Out-gaming the fitness trackers: How I hit 10K steps a day while constantly playing on a handheld PC

I recently justified buying the lovely handheld gaming PC that is the Rog Ally by lying to myself that it was essential exercise equipment. Healthier types than me have been claiming that we need to get at least 10,000 steps a day if we don’t want to drop dead any minute now. As someone not confident that they get 10,000 steps a year, something drastic needed to be done, and I was hardly going to join a gym. No need, not now that I could simply walk around my room playing Forza Horizon 5!

Actually, playing Forza while walking around my front room turned out to be about as smart as playing it while actually driving a car. Likewise, my attempts to play Elden Ring while walking didn’t make a dent in Margit’s health bar, but made plenty in my shins courtesy of my stupid coffee table.

(Image credit: Asus)

Once I’d found more walk-friendly games, I did find this an effective way of gamifying getting my 10,000 daily steps. So I’ve compiled a list of the games I’ve enjoyed walking with the most. You need something engaging enough to take your mind off horrible, horrible exercise. But not so distracting that you end up face planting your windows and never being able to make eye contact with your giggling neighbours ever again. The following games hit that tricky sweet spot beautifully. Make sure you’re walking around in a wide enough space and have removed any stray obstacles/pets/children that could potentially be stamped on. All set? Walk with me! 
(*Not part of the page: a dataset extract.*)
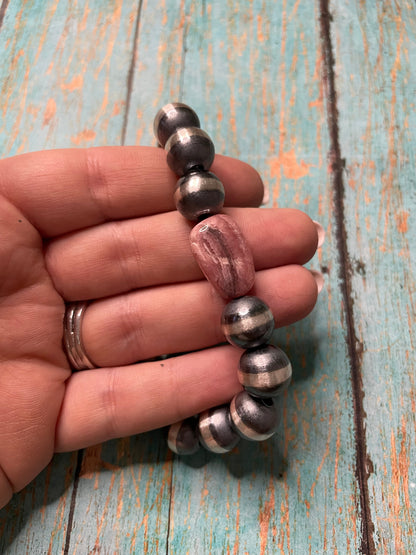 Navajo Sterling Silver And Rhodochrosite 12mm Beaded Bracelet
The Case of the Golden Idol

(Image credit: Color Gray Games)

 A set of murder mysteries with a cast so grotesque the murderer was honestly doing them a favour. This detective game uses the immensely satisfying Return of the Obra Dinn info-gathering formula to tell a delightfully macabre tale about an explorer who gets a fun new toy. Idol refuses to hold your hand and forces you to actually think, which pairs well with stomping around your front room, begging your brain to start working. God telling you you’re their personal favourite human being probably doesn’t feel anywhere near as good as finally cracking this game’s cases. Those hideous faces also helpfully reminded me what’ll happen to my lovely face if I don’t get those 10,000 steps in.

Gears Tactics

(Image credit: Gears Tactics)

An even bigger surprise than a chainsaw to the chest cavity was how absurdly great this game turned out to be. Adding a welcome shot of dumb brawn to XCOM’s brains, Gears Tactics rewards grisly executions by giving your units extra turns. This encourages chaining incredibly satisfying gore-soaked murder sprees that often earn me some worried stares on the bus, so I prefer to enjoy it on a lonesome walk instead.